Xi Jinping, China’s ruler, came to power in 2012 determined not to repeat the mistake.
When the economy faltered in 2015, he coined a new slogan, “supply-side structural reform”, which emphasised cutting industrial capacity, reducing property inventories and lowering corporate debt — including the liabilities of quasi-corporate vehicles sponsored by local governments.
A similar spirit motivated his later policy known as the “three red lines”, which imposed strict borrowing limits on property developers, pushing many of them into bankruptcy after 2021.
Whatever its virtues, this mindset has hampered China’s efforts to resuscitate the economy in 2024. Although the central government has increased its borrowing, it continued to impose financial discipline on many indebted local governments, which were forced to tighten their belts.
Banks are also cautious about lending to white-listed developers because they worry they will take a hit if the loans turn sour. Under supply-side structural reform, for example, lenders were urged to take equity stakes in corporate borrowers that could not repay their loans.
To cope with the economic risks of the year ahead, China’s rulers will have to prioritise encouraging demand over enforcing discipline. There are welcome signs they now accept that fact.
In November the Ministry of Finance said it would allow local governments to issue additional bonds to replace 10 trillion yuan in “hidden” liabilities, mostly held by financing vehicles set up to evade borrowing limits.
That will lower their borrowing costs. And, as Adam Wolfe of Absolute Strategy Research has pointed out, in 2025 it will free up about 1.2trn yuan they previously devoted to refinancing this debt.
The policy pivot was also evident at the Central Economic Work Conference.
The need to “vigorously boost consumption” and expand domestic demand was listed as the first of nine tasks the government must tackle, elevated above Mr Xi’s signature goal of industrial upgrading.
And after appearing in every official conference report since 2015, the term “supply-side structural reform” was this year conspicuous by its absence.
China’s policymakers have therefore identified the right priority. But how do they intend to achieve it? They may be helped by a nascent stabilisation of the housing market.
Sales of new residential properties rose a little year-on-year in November, the first increase in over three years, excluding a surge in early 2023 after COVID controls were abandoned (see chart).
Prices also seem to be flattening out.
The price of existing properties in 70 of China’s larger cities fell by less than 0.1 per cent in November, compared with the previous month, according to a weighted, seasonally adjusted average of official figures compiled by Goldman Sachs, a bank.
That may give some measure of confidence to consumers whose wealth is tied up in housing.
To prise open their wallets, cities may experiment with electronic-shopping coupons of the kind that Shanghai has distributed in recent months.

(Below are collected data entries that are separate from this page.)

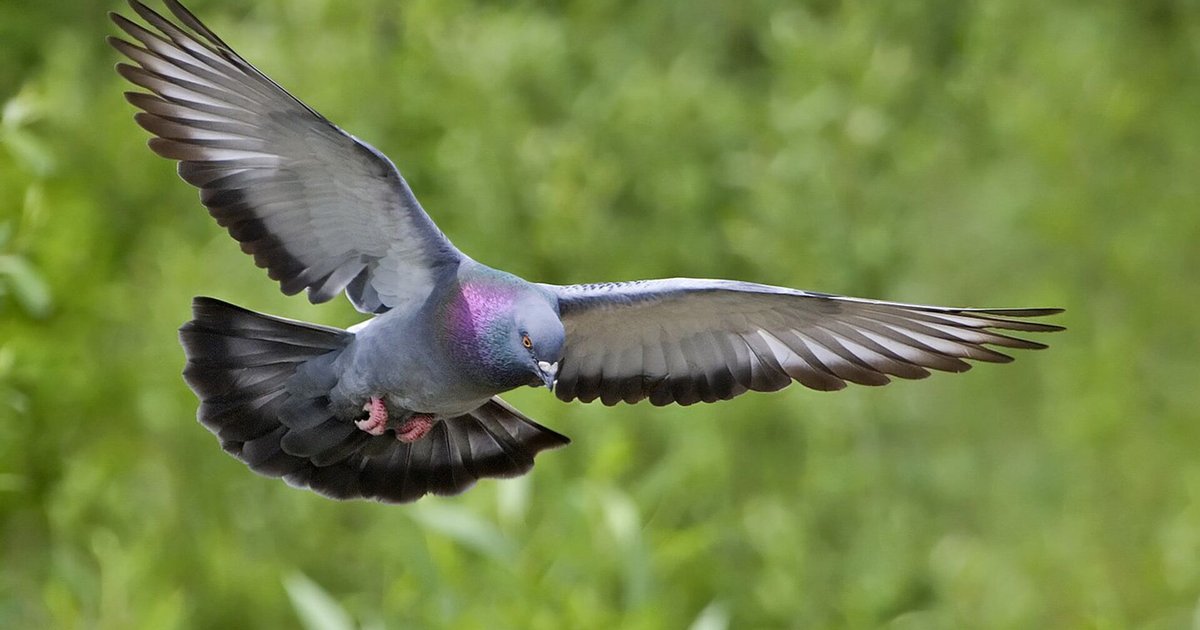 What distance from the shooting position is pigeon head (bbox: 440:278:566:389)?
2545 millimetres

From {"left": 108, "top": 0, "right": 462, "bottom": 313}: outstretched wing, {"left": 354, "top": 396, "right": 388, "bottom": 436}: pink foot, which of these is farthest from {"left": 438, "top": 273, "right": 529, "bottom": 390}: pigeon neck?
{"left": 354, "top": 396, "right": 388, "bottom": 436}: pink foot

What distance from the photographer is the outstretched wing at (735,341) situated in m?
2.79

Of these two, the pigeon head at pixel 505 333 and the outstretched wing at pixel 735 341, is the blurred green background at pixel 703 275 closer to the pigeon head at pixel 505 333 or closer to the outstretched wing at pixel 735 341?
the outstretched wing at pixel 735 341

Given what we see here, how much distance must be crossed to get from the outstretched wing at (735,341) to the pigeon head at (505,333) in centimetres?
15

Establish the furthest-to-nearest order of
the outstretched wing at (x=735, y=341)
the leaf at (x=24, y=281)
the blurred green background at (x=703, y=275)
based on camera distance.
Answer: the blurred green background at (x=703, y=275)
the outstretched wing at (x=735, y=341)
the leaf at (x=24, y=281)

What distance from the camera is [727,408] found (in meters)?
5.94

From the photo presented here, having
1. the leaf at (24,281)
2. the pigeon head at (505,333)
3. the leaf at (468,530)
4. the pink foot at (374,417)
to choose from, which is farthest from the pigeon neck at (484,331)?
the leaf at (468,530)

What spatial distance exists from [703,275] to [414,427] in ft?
10.2

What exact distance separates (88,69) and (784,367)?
11.7 ft

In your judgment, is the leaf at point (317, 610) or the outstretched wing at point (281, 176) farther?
the leaf at point (317, 610)

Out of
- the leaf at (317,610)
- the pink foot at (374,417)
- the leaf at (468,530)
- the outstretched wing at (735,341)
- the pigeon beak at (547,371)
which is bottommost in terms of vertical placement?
the leaf at (317,610)

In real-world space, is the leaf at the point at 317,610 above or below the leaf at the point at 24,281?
below

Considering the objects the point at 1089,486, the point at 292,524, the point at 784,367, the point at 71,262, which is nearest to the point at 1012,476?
the point at 1089,486

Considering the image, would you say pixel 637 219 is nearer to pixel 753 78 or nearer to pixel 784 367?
pixel 753 78
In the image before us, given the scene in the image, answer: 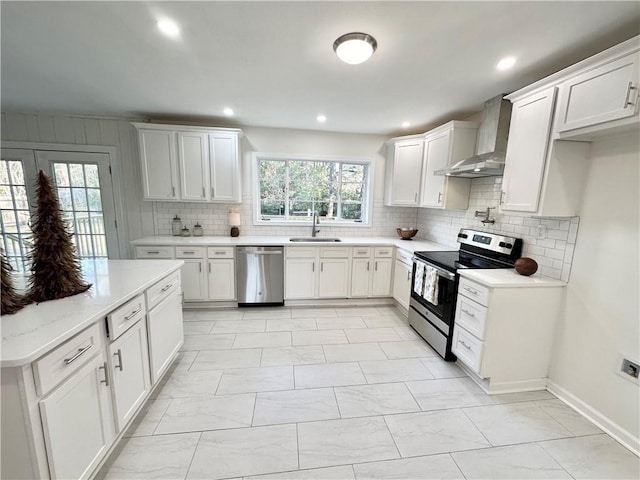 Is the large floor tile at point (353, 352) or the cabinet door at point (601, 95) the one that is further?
Answer: the large floor tile at point (353, 352)

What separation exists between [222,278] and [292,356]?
1.54 m

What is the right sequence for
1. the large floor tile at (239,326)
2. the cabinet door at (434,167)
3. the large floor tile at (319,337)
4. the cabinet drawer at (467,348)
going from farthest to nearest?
the cabinet door at (434,167), the large floor tile at (239,326), the large floor tile at (319,337), the cabinet drawer at (467,348)

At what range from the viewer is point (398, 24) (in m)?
1.56

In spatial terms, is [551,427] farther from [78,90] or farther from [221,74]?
[78,90]

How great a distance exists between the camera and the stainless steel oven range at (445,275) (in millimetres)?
2438

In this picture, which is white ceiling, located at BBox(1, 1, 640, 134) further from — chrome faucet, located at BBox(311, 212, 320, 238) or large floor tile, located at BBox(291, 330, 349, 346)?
large floor tile, located at BBox(291, 330, 349, 346)

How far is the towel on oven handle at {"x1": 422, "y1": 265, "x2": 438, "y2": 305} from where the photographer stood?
2.60 m

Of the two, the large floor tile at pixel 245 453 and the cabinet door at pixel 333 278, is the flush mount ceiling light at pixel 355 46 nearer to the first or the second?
the cabinet door at pixel 333 278

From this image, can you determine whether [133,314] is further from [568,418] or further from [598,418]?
[598,418]

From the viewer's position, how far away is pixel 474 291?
2139 mm

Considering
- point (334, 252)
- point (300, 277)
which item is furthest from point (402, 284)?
point (300, 277)

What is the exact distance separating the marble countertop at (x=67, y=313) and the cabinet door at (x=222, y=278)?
1349mm

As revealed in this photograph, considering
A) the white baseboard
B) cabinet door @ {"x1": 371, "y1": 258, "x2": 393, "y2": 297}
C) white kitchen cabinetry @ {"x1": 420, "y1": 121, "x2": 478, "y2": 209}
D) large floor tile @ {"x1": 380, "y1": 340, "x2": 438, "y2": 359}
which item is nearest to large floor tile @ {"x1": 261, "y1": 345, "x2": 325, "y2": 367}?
large floor tile @ {"x1": 380, "y1": 340, "x2": 438, "y2": 359}

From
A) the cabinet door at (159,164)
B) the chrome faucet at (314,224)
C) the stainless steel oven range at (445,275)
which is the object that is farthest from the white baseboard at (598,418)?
the cabinet door at (159,164) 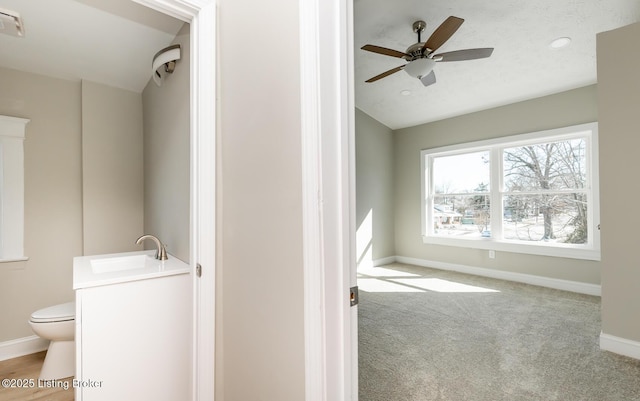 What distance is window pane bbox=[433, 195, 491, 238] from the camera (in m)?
4.68

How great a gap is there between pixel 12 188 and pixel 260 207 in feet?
8.50

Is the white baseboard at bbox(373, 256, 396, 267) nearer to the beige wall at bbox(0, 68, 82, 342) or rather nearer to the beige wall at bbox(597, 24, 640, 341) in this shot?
the beige wall at bbox(597, 24, 640, 341)

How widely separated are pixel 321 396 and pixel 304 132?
74 centimetres

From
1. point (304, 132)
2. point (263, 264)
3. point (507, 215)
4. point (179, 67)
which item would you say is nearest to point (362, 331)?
point (263, 264)

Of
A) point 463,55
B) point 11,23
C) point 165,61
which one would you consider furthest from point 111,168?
point 463,55

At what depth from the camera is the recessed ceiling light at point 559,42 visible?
9.55 ft

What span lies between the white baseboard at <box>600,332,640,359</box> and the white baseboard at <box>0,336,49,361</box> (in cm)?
452

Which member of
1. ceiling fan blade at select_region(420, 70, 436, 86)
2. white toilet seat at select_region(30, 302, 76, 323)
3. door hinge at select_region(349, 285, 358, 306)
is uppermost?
ceiling fan blade at select_region(420, 70, 436, 86)

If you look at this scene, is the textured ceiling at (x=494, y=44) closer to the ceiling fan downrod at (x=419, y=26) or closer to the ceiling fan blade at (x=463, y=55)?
the ceiling fan downrod at (x=419, y=26)

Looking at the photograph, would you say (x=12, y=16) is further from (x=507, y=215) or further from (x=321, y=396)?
(x=507, y=215)

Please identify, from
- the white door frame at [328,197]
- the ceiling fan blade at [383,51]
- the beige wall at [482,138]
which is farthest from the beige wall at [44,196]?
the beige wall at [482,138]

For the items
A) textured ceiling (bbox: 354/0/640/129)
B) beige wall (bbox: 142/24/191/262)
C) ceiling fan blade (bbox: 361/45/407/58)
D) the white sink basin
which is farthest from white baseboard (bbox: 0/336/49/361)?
textured ceiling (bbox: 354/0/640/129)

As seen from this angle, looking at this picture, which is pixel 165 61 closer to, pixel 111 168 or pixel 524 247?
pixel 111 168

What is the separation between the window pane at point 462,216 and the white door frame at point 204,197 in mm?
4499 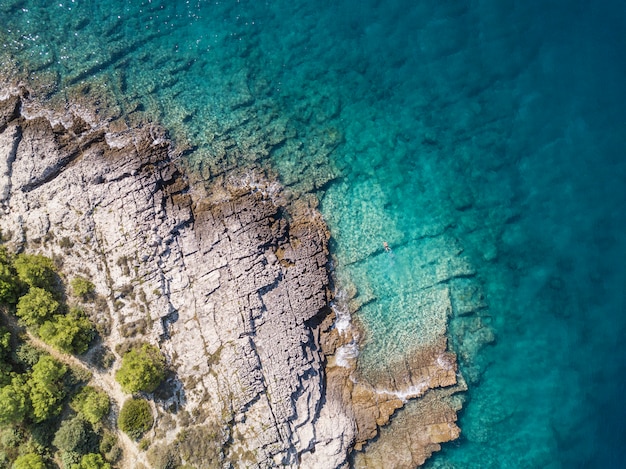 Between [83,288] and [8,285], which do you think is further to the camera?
[83,288]

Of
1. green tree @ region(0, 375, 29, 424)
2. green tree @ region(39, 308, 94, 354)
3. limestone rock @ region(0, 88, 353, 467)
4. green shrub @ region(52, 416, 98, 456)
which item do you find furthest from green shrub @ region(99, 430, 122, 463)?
green tree @ region(39, 308, 94, 354)

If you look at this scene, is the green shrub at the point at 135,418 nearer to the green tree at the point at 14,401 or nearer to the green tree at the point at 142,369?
the green tree at the point at 142,369

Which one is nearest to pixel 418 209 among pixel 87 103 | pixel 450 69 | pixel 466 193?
pixel 466 193

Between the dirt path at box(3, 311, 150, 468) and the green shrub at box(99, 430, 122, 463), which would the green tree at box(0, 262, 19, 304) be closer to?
the dirt path at box(3, 311, 150, 468)

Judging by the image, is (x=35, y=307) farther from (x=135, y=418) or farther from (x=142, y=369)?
(x=135, y=418)

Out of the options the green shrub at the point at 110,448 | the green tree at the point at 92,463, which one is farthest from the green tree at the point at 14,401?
the green shrub at the point at 110,448

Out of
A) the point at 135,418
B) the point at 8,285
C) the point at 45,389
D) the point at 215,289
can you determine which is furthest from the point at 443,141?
the point at 45,389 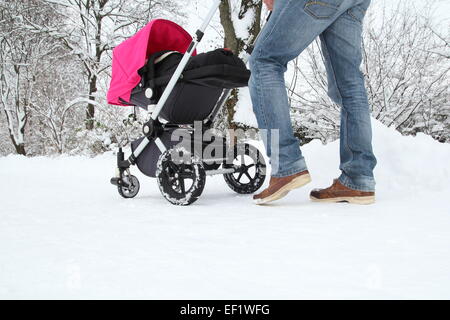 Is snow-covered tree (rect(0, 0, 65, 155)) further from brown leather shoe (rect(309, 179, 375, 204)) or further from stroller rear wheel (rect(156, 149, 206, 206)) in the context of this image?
brown leather shoe (rect(309, 179, 375, 204))

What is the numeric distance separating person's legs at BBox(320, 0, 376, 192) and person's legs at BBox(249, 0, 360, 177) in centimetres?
12

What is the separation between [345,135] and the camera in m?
2.12

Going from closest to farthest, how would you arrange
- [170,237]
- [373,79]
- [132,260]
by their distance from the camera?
1. [132,260]
2. [170,237]
3. [373,79]

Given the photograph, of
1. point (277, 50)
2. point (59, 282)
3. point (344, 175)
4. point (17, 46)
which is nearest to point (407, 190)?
point (344, 175)

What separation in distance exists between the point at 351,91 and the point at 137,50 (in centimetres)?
117

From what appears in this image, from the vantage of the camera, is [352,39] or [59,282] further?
[352,39]

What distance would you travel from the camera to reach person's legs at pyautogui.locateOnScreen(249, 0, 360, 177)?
1831 millimetres

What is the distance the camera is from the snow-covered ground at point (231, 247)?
36.1 inches

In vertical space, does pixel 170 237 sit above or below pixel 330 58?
below

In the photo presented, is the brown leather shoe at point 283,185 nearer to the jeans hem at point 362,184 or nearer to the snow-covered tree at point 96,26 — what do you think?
the jeans hem at point 362,184

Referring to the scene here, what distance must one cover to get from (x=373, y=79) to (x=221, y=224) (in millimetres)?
3677

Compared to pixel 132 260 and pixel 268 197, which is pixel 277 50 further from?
pixel 132 260

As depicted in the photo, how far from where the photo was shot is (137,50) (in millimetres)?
2324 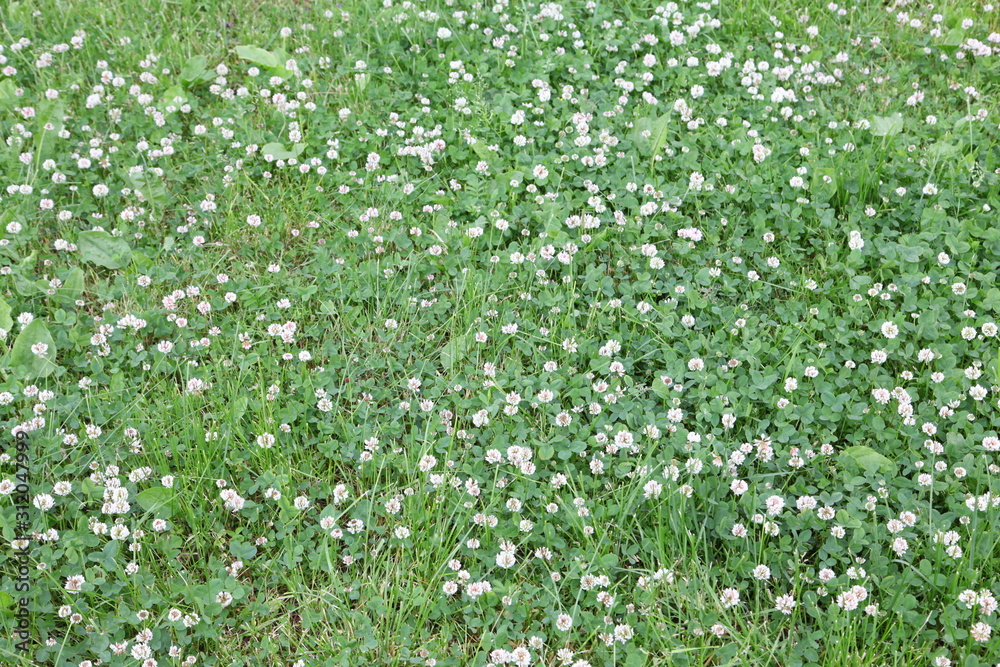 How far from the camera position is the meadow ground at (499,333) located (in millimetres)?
2812

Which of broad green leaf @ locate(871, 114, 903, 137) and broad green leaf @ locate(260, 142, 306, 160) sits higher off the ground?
broad green leaf @ locate(871, 114, 903, 137)

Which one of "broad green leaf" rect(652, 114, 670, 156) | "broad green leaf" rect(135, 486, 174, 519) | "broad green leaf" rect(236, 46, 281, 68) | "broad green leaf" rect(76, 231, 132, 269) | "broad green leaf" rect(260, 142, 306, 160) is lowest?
"broad green leaf" rect(135, 486, 174, 519)

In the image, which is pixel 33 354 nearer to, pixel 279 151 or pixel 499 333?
pixel 279 151

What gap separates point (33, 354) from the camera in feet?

These give people a discount on meals, movies, hotels and sports if they spend above a threshold amount.
The government also seems committed to expanding its trade-in program, which encourages households to upgrade their cars, fridges, airconditioners and other gizmos to newer models.
This policy succeeded in raising retail sales of household appliances by over 22 per cent in November, compared with a year earlier. (Overall retail sales were nonetheless weak, thanks to an early start to the “Singles’ Day” shopping festival, which shifted many purchases into the previous month.)
In a further effort to get people to save less, China’s leaders have promised to increase pensions and subsidies for health insurance. Goldman Sachs thinks the government’s broad fiscal deficit could rise by almost 2 per cent of GDP to 13 per cent in 2025.
In the year ahead China needs to lift domestic spending using measures it has in the past neglected. You could call it demand-side structural reform.